- Amy Taylor is depicted making a creepy smile and rolling her eyes upward

Single by Amyl and the Sniffers

from the album Cartoon Darkness
- Released: 21 October 2024
- Length: 2:09
- Label: B2B; Virgin Music; Amyl and the Sniffers;
- Songwriters: Amy Taylor; Declan Mehrtens; Bryce Wilson;
- Producer: Nick Launay

Amyl and the Sniffers singles chronology
| "Big Dreams" (2024) | "Jerkin'" (2024) | "You're a Star" (2025) |

Music video
- "Jerkin'" (censored) on YouTube

= Jerkin' (Amyl and the Sniffers song) =

"Jerkin'" is a song by Australian punk band Amyl and the Sniffers, released through B2B and Virgin Music on 21 October 2024 as the fourth and final single from their third studio album, Cartoon Darkness (2024).

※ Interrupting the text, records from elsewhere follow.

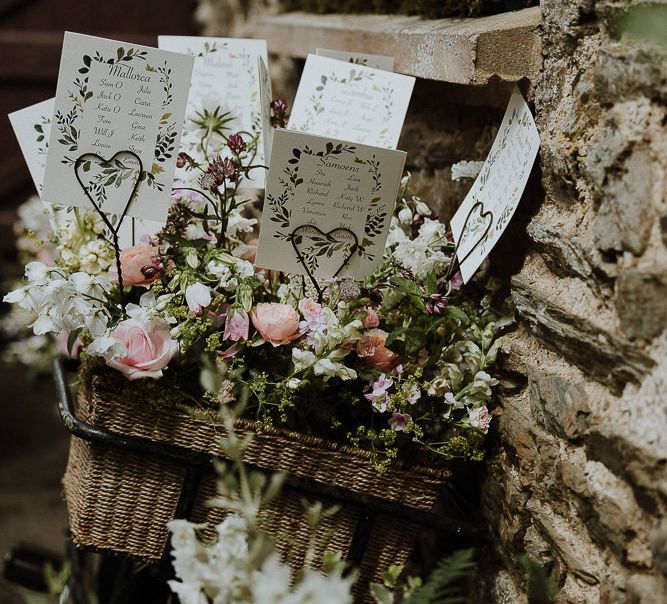 Vintage Bicycle Basket Filled with Flowers as a Wedding Table Plan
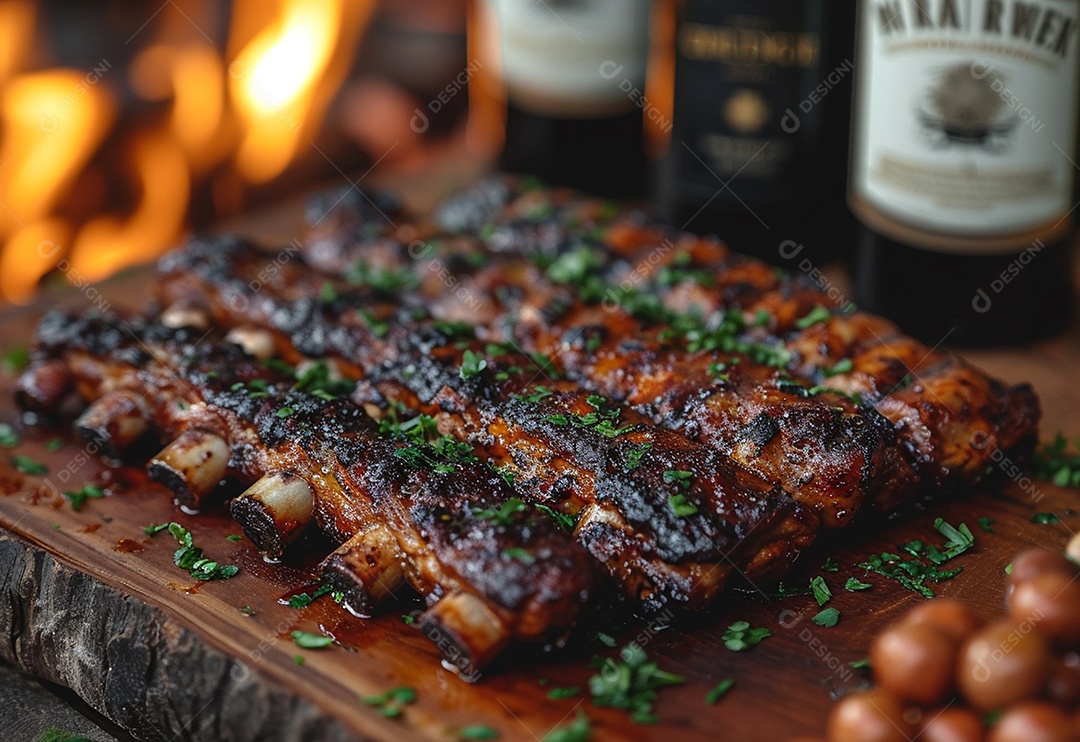 Costelinha brasileira ao molho barbecue na brasa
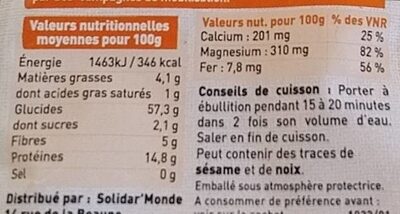 Amarante - Nutrition facts - fr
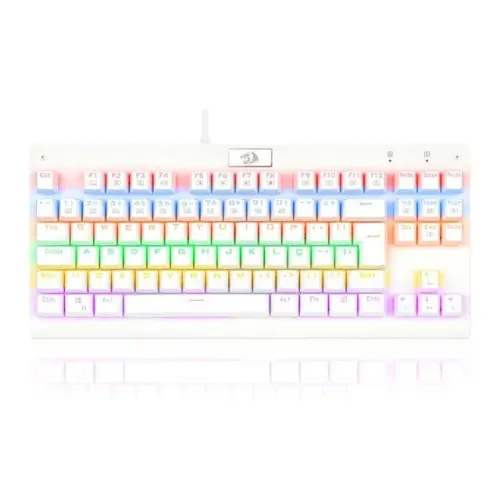 Teclado Mecânico 80% Redragon Dark Avenger White Rainbow Switch Blue - WZetta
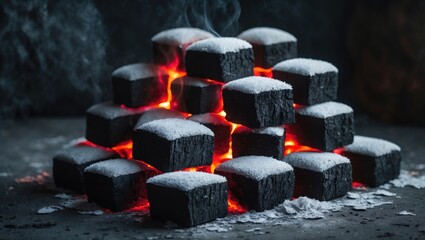 Intimate view of coconut shell briquettes burning with red heat and ash coating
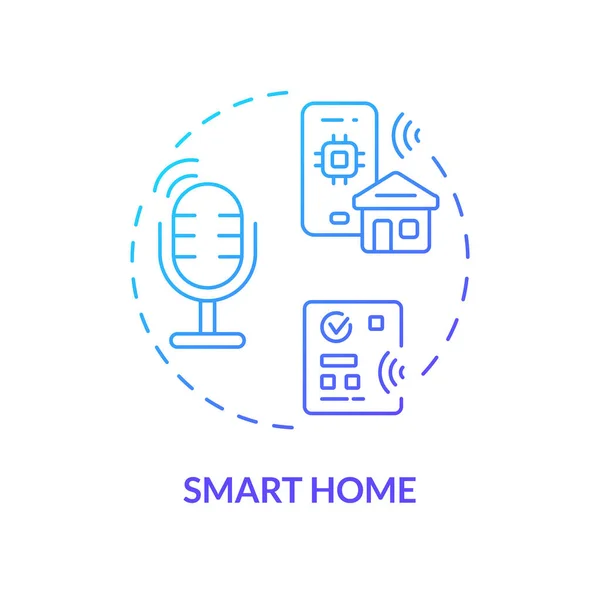 Концепция Smart Home Изолированный Вектор Голубая Иллюстрация Представляющая Голосового Помощника — стоковый вектор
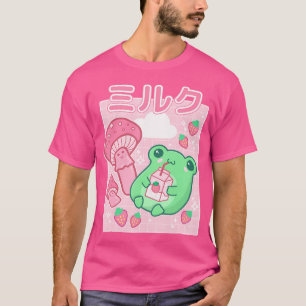 Schattigee Cottagecore Frog Strawberry 90S Kawaii T-shirt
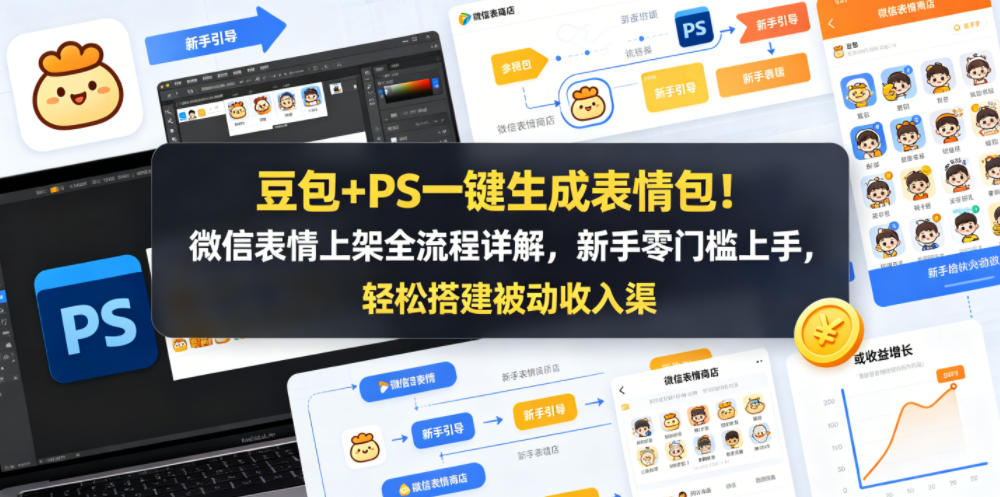 豆包+PS一键生成表情包!微信表情上架全流程详解,新手零门槛上手,轻松搭建被动收入渠道-优优云网创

"Jerkin'" placed at number 32 on Triple J's Hottest 100 of 2024 and won both Song of the Year and Most Performed Rock Work at the 2026 APRA Music Awards—winning the former award for the second consecutive year, following "U Should Not Be Doing That" in 2025.

==Music video==
The music video, directed by John Angus Stewart, was concurrently with the song on 21 October 2024. Upon release, Stewart said, "The level of offence that a vagina or penis can generate is absolutely bizarre. Once, Amy [Taylor] said to me, "If the world wasn't so fucked up, I'd never wear clothes". It's the context we stamp onto our sex organs that makes them innately "offensive". This is why we wanted to strip away the artifice and examine the body in an open, conversational way. We approached the project as if it were a performance in itself."

==Critical reception==
Kimberley Kapela of the Luna Collective described the song as "a tightly wound grenade of garage punk fury that is unapologetically vulgar. It's both a middle finger to societal norms and a cathartic release of frustration, delivered with all the ferocity and [humour] that fans have come to expect from the band."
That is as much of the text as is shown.